False. We know the electoral college is part of our federal system, our republic. Our founders unanimously thought democracy was a dangerous experiment, as world history shows. So instead they gave us a representative democracy of states united into a federally headed republic, with plenty of checks and balances built in. We have drifted over decades into a bad patch with an overly powerful executive branch ascendant over a weakened and damaged legislative branch.

...and while all of that is true (and the most weakened branch is the Supreme Court actually), none of it argues for an electoral college. The electoral college was a helpful way to count slaves in your state's say over president.
 
...and while all of that is true (and the most weakened branch is the Supreme Court actually), none of it argues for an electoral college. The electoral college was a helpful way to count slaves in your state's say over president.
Perhaps so, but slavery is no more, and the true purpose of the electoral college remains to rein in the influence of the largest states over the smallest. But the most important point of all is that to change this system would require a supermajority of the states or, even more unlikely, a Constitutional Convention. To continue complaining about it is about as useful as baying at the Moon.
 
Perhaps so, but slavery is no more, and the true purpose of the electoral college remains to rein in the influence of the largest states over the smallest.
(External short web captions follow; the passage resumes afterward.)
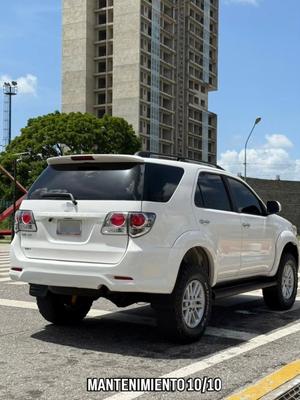 Toyota Fortuner 2015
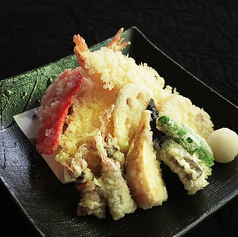 海老と季節野菜の天麩盛合せ
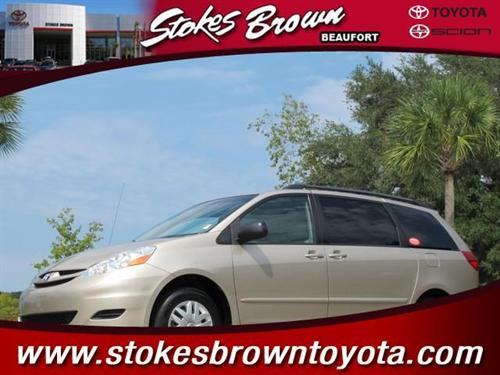 Toyota Sienna 2008 photo 2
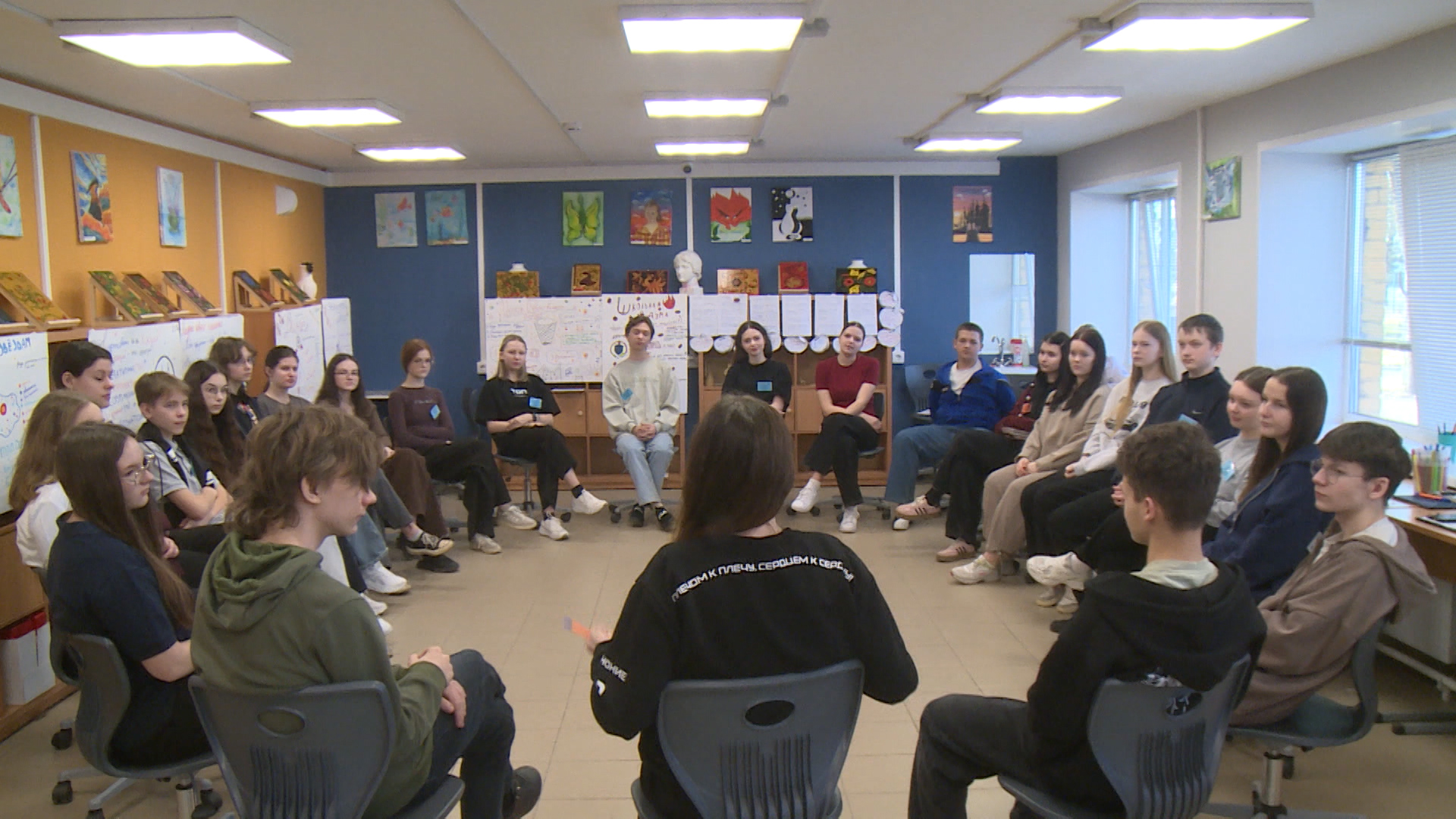 Школьников Псковской области учат выстраивать работу ученического самоуправления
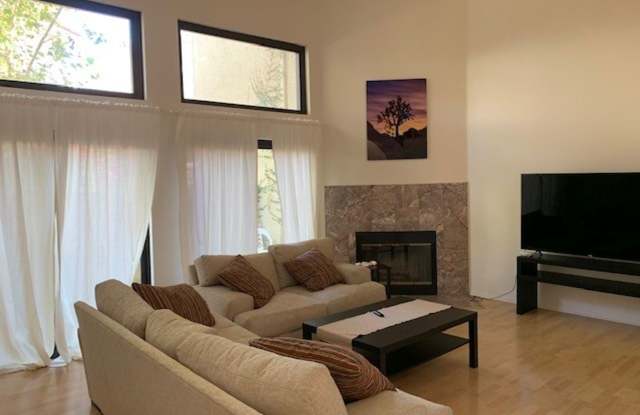 6930 De Celis Pl. #7 Gallery 2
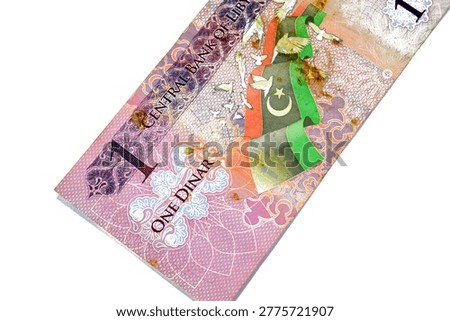 The reverse of a 1 Libyan Dinar banknote issued by the Central Bank of Libya, Depicts the national flag of Libya alongside white doves, representing peace and a new beginning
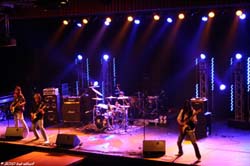 100109_heroes_090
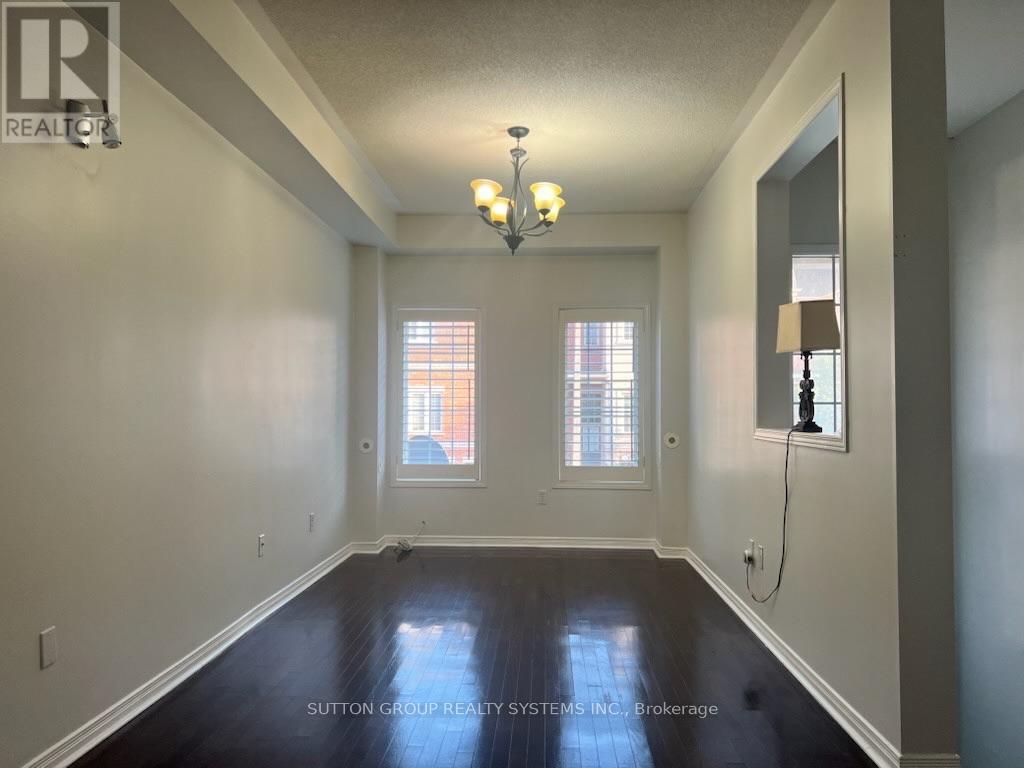 55 - 435 Hensall Circle, Mississauga, Ontario  L5A 4P1 - Photo 5 - W13721090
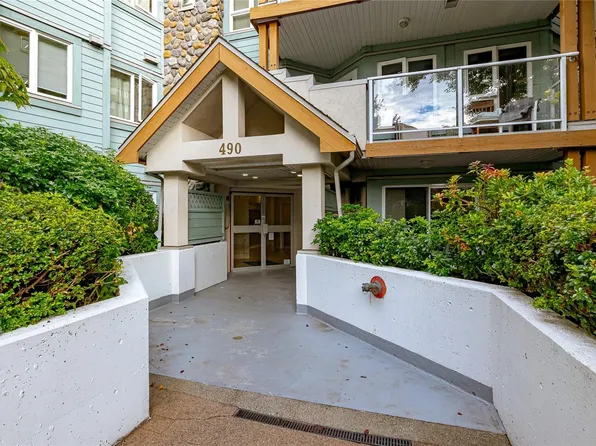 490 Marsett Pl #102, Saanich, BC V8Z 7J1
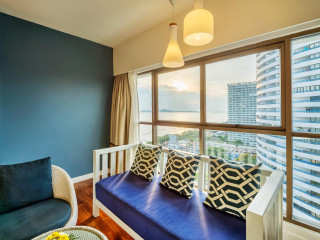 Jomtien Palm Beach Hotel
But the most important point of all is that to change this system would require a supermajority of the states or, even more unlikely, a Constitutional Convention. To continue complaining about it is about as useful as baying at the Moon.

Except for that a bunch of states (including yours and mine) have passed a resolution to effectively undo it without a constitutional convention.

https://en.wikipedia.org/wiki/National_Popular_Vote_Interstate_Compact
 
I wonder what would happen if there was no real federal-level government. Keep all of the representative government state level. Each state would have a prime-representative (selected by Majority of reps in their legislative body) that would function as the chief executive of the state (no Governor). There would be a minority leader as well. Each state would send the Majority & Minority to a quasi-federal delegation of all states which would predominantly revolve around providing for national defense and other cooperative projects. Of course, I haven't really thought this through. :lol:
 
Sort of a testament to:
1. Anyone can run for president if they have enough money (or clout).
2. I partially believe that the reason we haven't seen a president like this before is explicitly because we haven't really had this type of news cycle or social media.


To be fair, both sides participate in gerrymandering and remapping districts. Going with the popular vote would help the unusual situation for people who live in a "blue state" and their vote is completely negated (or vice-versa) unless they vote for a Democrat. However, it would also mean that the largest states by population would dictate who wins the election, and that may not accurately represent what leader should be elected.

Ofcourse I know there is nuance in it (with a little russian help). Even then it is still unbelievable how this guy (who flipflopped between parties multiple times) was elected the republican nominee. It reminds me of a black mirror episode.
 
Still no collusion 👍

This one confuses me a bit. Collusion never seemed all that probable, it needed to be investigated based on the evidence, but it never seemed likely. Obstruction seems FAR more likely. But Mueller apparently tried hard to remind Americans that there is a bigger problem than Trump remaining in office, which is that Russia appears to have influenced the election, and might do it again.

It seems as though if you were looking for collusion and were re-double-extra-confirmed that there doesn't appear to be evidence supporting collusion, that you're looking away from what is the focus, and has been the focus for a long time now. And Trump himself seems to be happy to direct us all to look away from that focus.